You are viewing a plain text version of this content. The canonical link for it is here.
Posted to dev@pdfbox.apache.org by "Peter Costello (JIRA)" <ji...@apache.org> on 2010/02/07 07:24:28 UTC

[jira] Created: (PDFBOX-611) PDSimpleFont. Font height reported as zero.

PDSimpleFont.  Font height reported as zero.
--------------------------------------------

                 Key: PDFBOX-611
                 URL: https://issues.apache.org/jira/browse/PDFBOX-611
             Project: PDFBox
          Issue Type: Bug
          Components: PDModel
    Affects Versions: 0.8.0-incubator
         Environment: Win and Linux
            Reporter: Peter Costello
             Fix For: 0.8.0-incubator


The logic for PDSimpleFont.getFontHeight() can return a value of zero.   
This will corrupt or compromise text extraction and layout.
In particular, test with 'http://www.encana.com/investor/financial/shareholder/pdfs/info-circular-french.pdf', pg 12 

When a PDFontDescriptor is used, the current logic uses:
   1) an average of xHeight and capHeight.   
             xHeight is the height from the baseline to the top of a lower case letter like 'x'.
             CapHeight is the height from the baseline to the top of an upper case latin char.
   2) xHeight
   3) capHeight
   4) ascent
   5) zero

This is really bizarre.  'xHeight' is an optional parameter, and 'capHeight' is often missing.

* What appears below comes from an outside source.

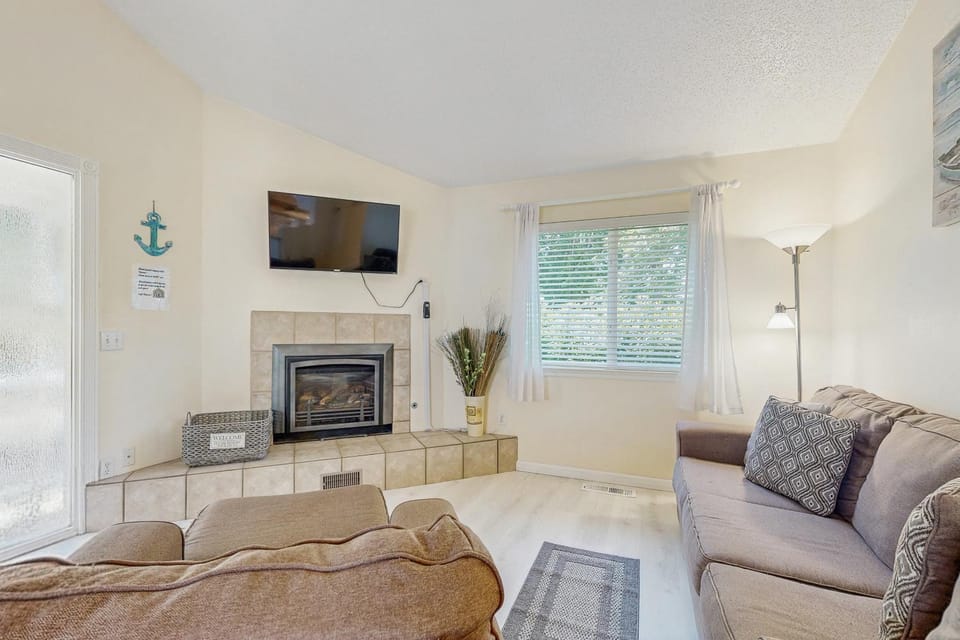 Cottage by the Sea House in Devils Lake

The font bounding box is a required parameter and is the height that is used by Acrobat Reader when you select a line of text.
The bounding box is not perfect, because it often overlaps the line above, but it is a consistent value.  The problem with the
current logic is that the reported height varies way too much, and a zero value can be reported.

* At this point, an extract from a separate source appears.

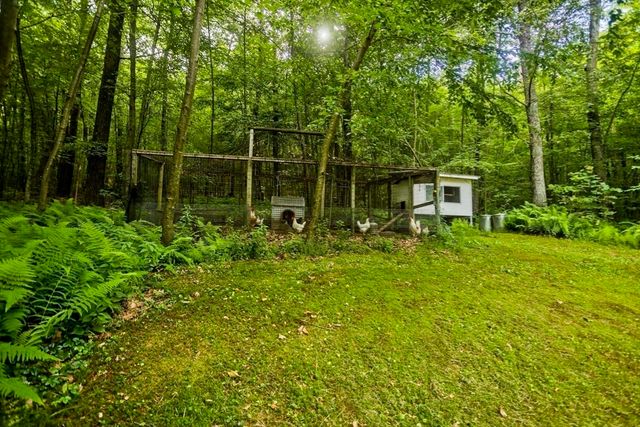 197 Bumstead Rd, Monson, MA 01057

I have modified the logic as follows. The goal was to make the nominal values the same as the current logic,
but return a very similar number when parameters go missing.

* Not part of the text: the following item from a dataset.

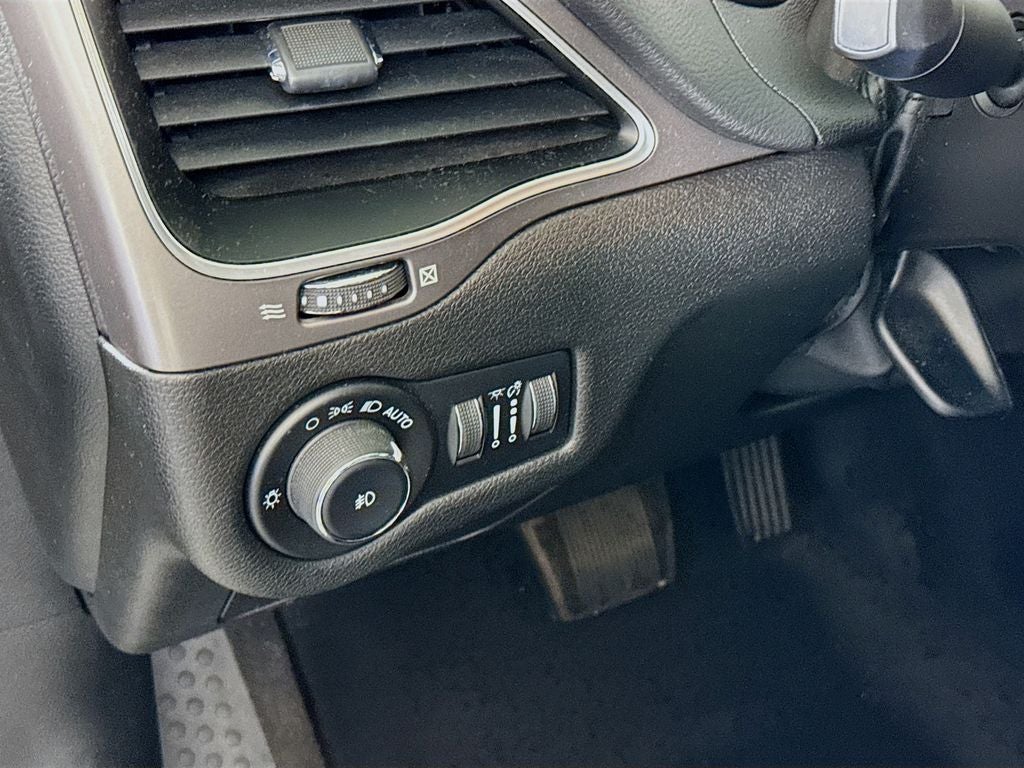 2021 Jeep Cherokee Latitude Luxury 4X4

         PDFontDescriptor desc = getFontDescriptor();
          if( desc != null )  {
           	float height = desc.getCapHeight();				// Top of Cap to baseline (eg 715)
            	if (height==0) {
            		height=desc.getAscent();					// Max height from baseline (eg 715);
            	   	if (height==0) {
            	   		PDRectangle bbox = desc.getFontBoundingBox();
            	   		height = bbox.getHeight()/2;			// Max height less max depth (eg (1006-(-325))=1331/2=665)
            	   		if (height==0) {
            	   			height=desc.getXHeight();			// Top of lower-case to baseline (eg 518)
            	   			height-=desc.getDescent();		// Depth below baseline (eg 209, to get total of 727)
            	   		}
            	   	}
            	}
                retval=height;
          }


-- 
This message is automatically generated by JIRA.
-
You can reply to this email to add a comment to the issue online.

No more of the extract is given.